Hamlet On Screen - Theatrical Performances Within Films

Theatrical Performances Within Films

Another way in which film-makers use Shakespearean texts is to feature characters who are actors performing those texts, within a wider non-Shakespearean story. Hamlet and Romeo and Juliet are the two plays which have most often been used in this way. Usually, Shakespeare's story has some parallel or resonance with the main plot. In the 1933 Katharine Hepburn film Morning Glory, for which she won her first Best Actress Academy Award, Hepburn's character Eva Lovelace becomes slightly drunk at a party and very effectively begins to recite To be or not to be, when she is rudely interrupted. In James Whale's 1937 fictional biopic The Great Garrick, Brian Aherne, as David Garrick, performs part of the final scene of Hamlet, in full eighteenth-century garb. In Ernst Lubitsch's 1942 To Be or Not to Be, the title soliloquy becomes a subtle running gag: whenever Jack Benny's character - the pompous actor Joseph Tura - begins the speech, a member of the audience loudly walks out: usually to make love to Tura's wife, played by Carole Lombard. (This also happened to Mel Brooks' character Frederick Bronski in the 1983 remake.) In the 1955 film Prince of Players, a biography of Edwin Booth, Richard Burton appears in the title role and performs several scenes from Hamlet. The 1969 Robert Bresson film A Gentle Woman has the wife and husband attending a performance; in which we see the character Elle engrossed in the scene from Hamlet beginning to fence with Laertes, to the end of the play. Shelley Long's character plays Hamlet in the 1987 film Outrageous Fortune. Kenneth Branagh wrote and directed the low-budget In The Bleak Midwinter (released in the USA as A Midwinter's Tale) immediately before shooting his famous Hamlet. Shot in just 21 days, and telling the story of a group of actors performing Hamlet on a shoestring to save a village church, the film is a tribute to Ealing Comedies, and to the foibles of the acting profession, shot in black and white. The PBS documentary Discovering Hamlet is about the stage production that Branagh appeared in years before making the film, and includes scenes from that production. The film Hamlet 2 centers around a high school drama class and their teacher, played by Steve Coogan, attempting to stage a very experimental and controversial musical sequel to Hamlet.

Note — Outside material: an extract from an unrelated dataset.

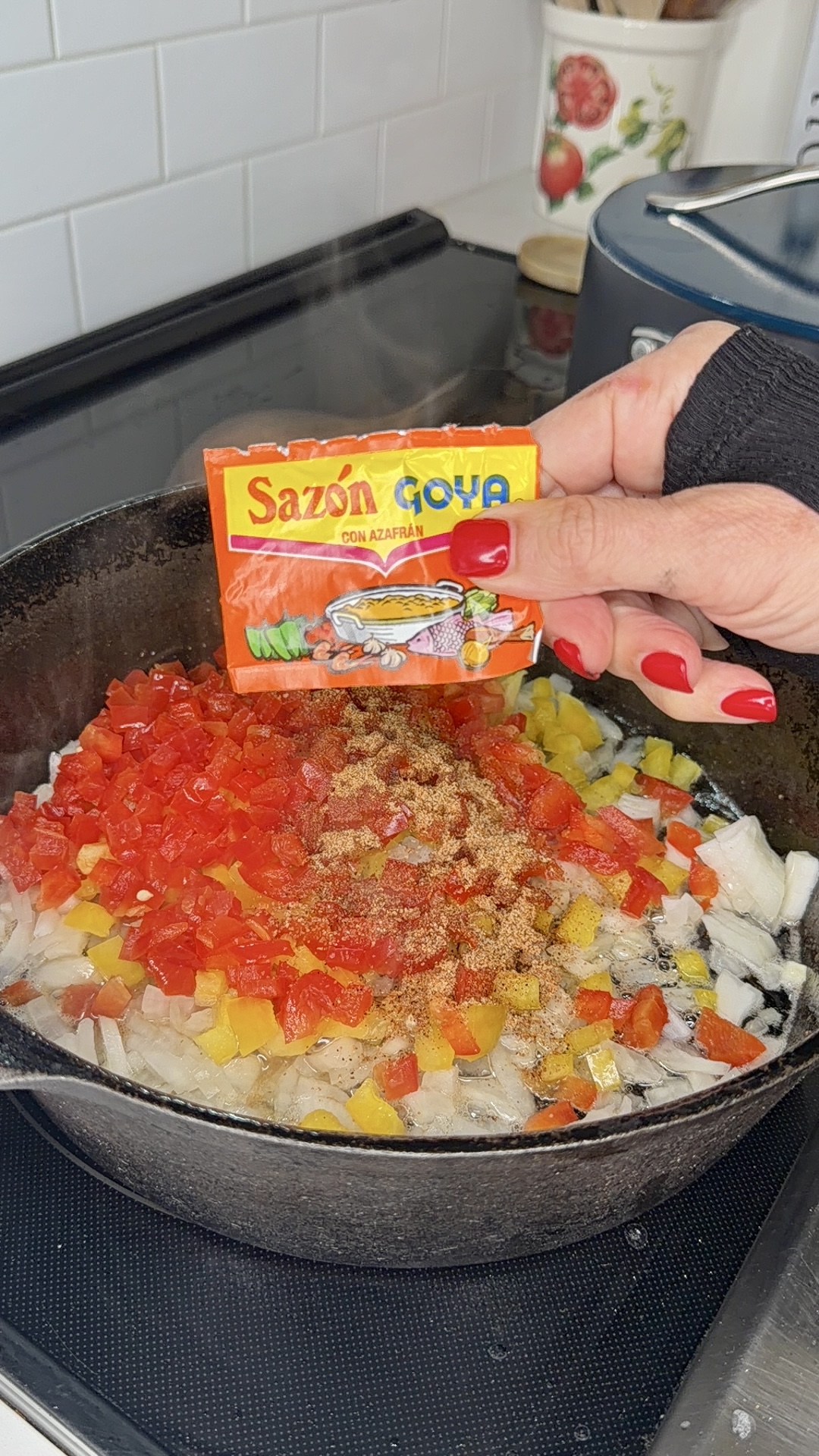 A hand sprinkles Sazon Goya seasoning onto chopped onions and red and yellow peppers cooking in a black skillet on a stove.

The BFI National Archive contains at least twenty films featuring characters performing (sometimes brief) excerpts from Hamlet, including When Hungry Hamlet Fled (USA, 1915), Das Alte Gesetz (Germany, 1923), The Immortal Gentleman (GB, 1935), The Arizonian (USA, 1935), South Riding (GB, 1937), My Darling Clementine (USA, 1946), Hancock's 43 Minutes (GB, 1957), Danger Within (GB, 1958), The Pure Hell of St Trinian's (GB, 1960), Shakespeare Wallah (India, 1965), The Magic Christian (GB, 1969), Everything You Always Wanted to Know About Sex, But Were Afraid to Ask (USA, 1972), Theatre of Blood (GB, 1973), Mephisto (Hungary, 1981), An Englishman Abroad (GB, 1983), Withnail and I (GB, 1986), Comic Relief 2 (GB, 1989), Great Expectations (GB/USA, 1989), Hysteria 2 (GB, 1989), The Voice Over Queen (USA, 1990) and Tectonic Plates (GB, 1992).